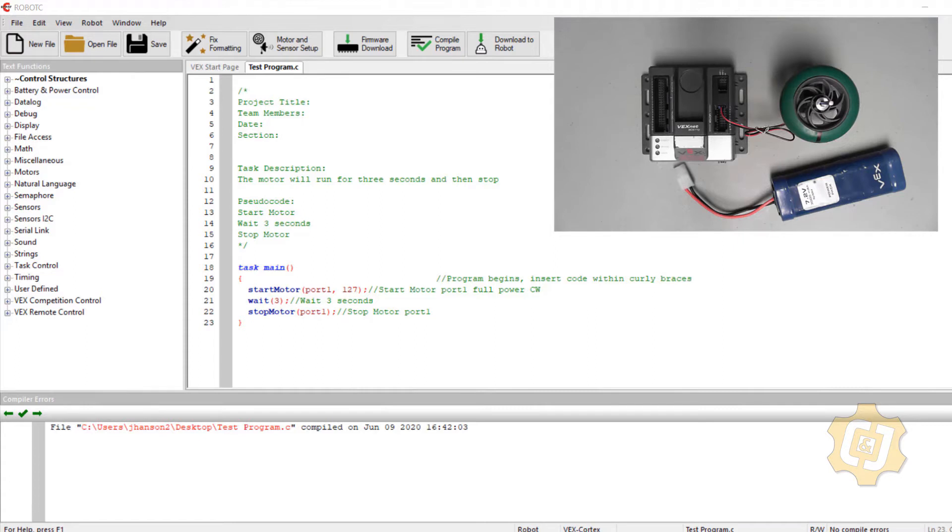Typically the mechanical engineer's responsibility is to take care of the design and physical build, and the electrical engineer takes care of all the wiring. Often all three of us collaborate together on the sensors and feedback used in the build. It is our responsibility as programmers to make their design come to life, and to do that we often have to test our program before it's complete.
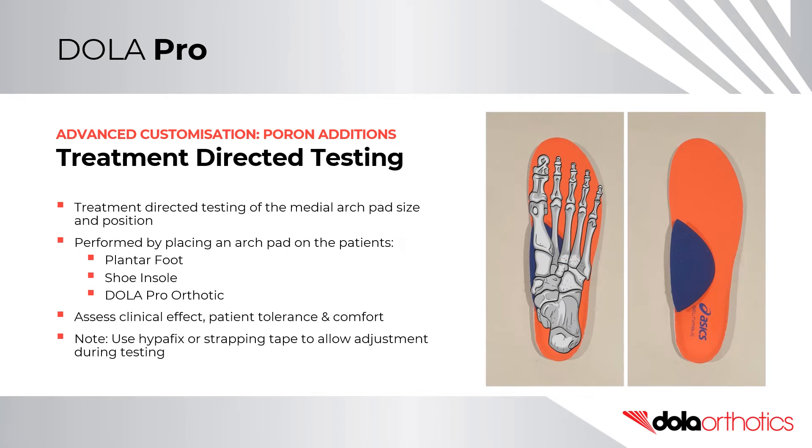Treatment-directed testing of the medial arch pad size and position can be performed on the patient's foot, shoe insole, or on the orthotic shell. This can be used to test for clinical effect, patient tolerance, and comfort.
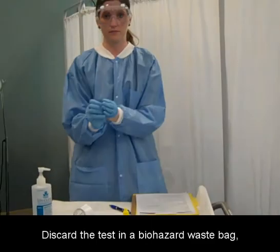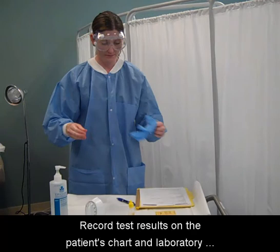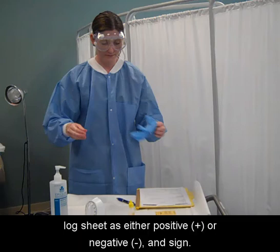Discard the test in a biohazard waste bag, remove gloves, and wash hands. Record test results on the patient's chart and laboratory log sheet as either positive or negative and sign.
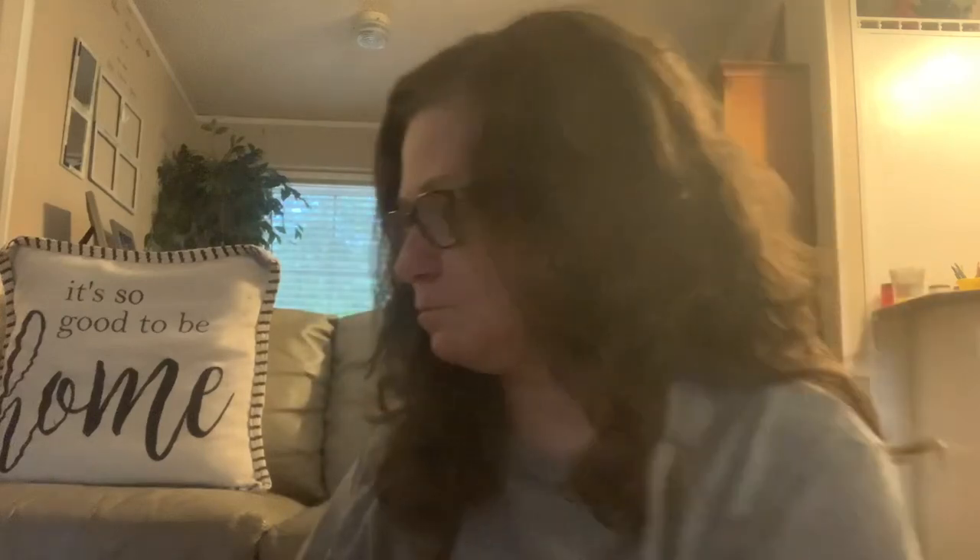Hey guys, welcome to my channel. If you have not been here before, my name is Misty. I am the homeschool mom of a nine-year-old, and I wanted to share with you guys today what I found at Dollar Tree. I did not get video while I was there, but I did pick up a few things, so I'm going to show you guys what they have in stock.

ASSIGNED TASK: Set the pictures aside and reproduce the data above exactly.

TASK SOLUTION:
Typically the mechanical engineer's responsibility is to take care of the design and physical build, and the electrical engineer takes care of all the wiring. Often all three of us collaborate together on the sensors and feedback used in the build. It is our responsibility as programmers to make their design come to life, and to do that we often have to test our program before it's complete.
Treatment-directed testing of the medial arch pad size and position can be performed on the patient's foot, shoe insole, or on the orthotic shell. This can be used to test for clinical effect, patient tolerance, and comfort.
Discard the test in a biohazard waste bag, remove gloves, and wash hands. Record test results on the patient's chart and laboratory log sheet as either positive or negative and sign.
Hey guys, welcome to my channel. If you have not been here before, my name is Misty. I am the homeschool mom of a nine-year-old, and I wanted to share with you guys today what I found at Dollar Tree. I did not get video while I was there, but I did pick up a few things, so I'm going to show you guys what they have in stock.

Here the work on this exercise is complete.